This is the fundamental follow-up beyond #277 and #281.

  • #277 moved dispatch authority out of DispatchContext / DispatchState and onto machine-owned VM state
  • #281 tracks the remaining immediate compromise around dispatch-root reachability

This issue is broader:

Redesign continuations so they carry enough machine-owned control state to resume as first-class suspended computations, aligned as closely as practical with the OCaml 5 model.

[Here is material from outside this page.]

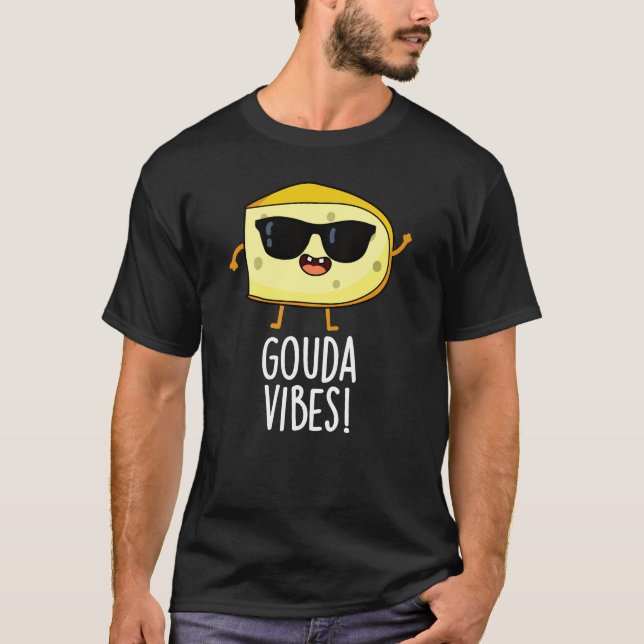 Gouda Vibes Funny Cheese Pun Mörk BG T Shirt (Framsida)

The point is not merely to delete one map or add better resume patches.
The point is to eliminate the architectural reason ad hoc resume reconstruction was needed in the first place.

Context

The runtime is already much cleaner than before:

  • DispatchContext is gone as runtime authority
  • DispatchState is gone
  • dispatch is modeled by machine-owned Frame::Dispatch(...)
  • transient HandlerDispatch wrapper frames are gone
  • handler completion now routes through an explicit handler boundary frame
  • traceback repair heuristics were reduced by moving more truth into Rust-side trace emission
  • the suite has reached green states repeatedly during this work

Current core validation baseline remains:

  • make sync
  • cargo check -q -p doeff-vm --manifest-path packages/doeff-vm/Cargo.toml
  • uv run pytest -q

Clarification: The Real Remaining Problem

The remaining problem is not just where a lookup map lives.
It is how the VM represents a suspended computation.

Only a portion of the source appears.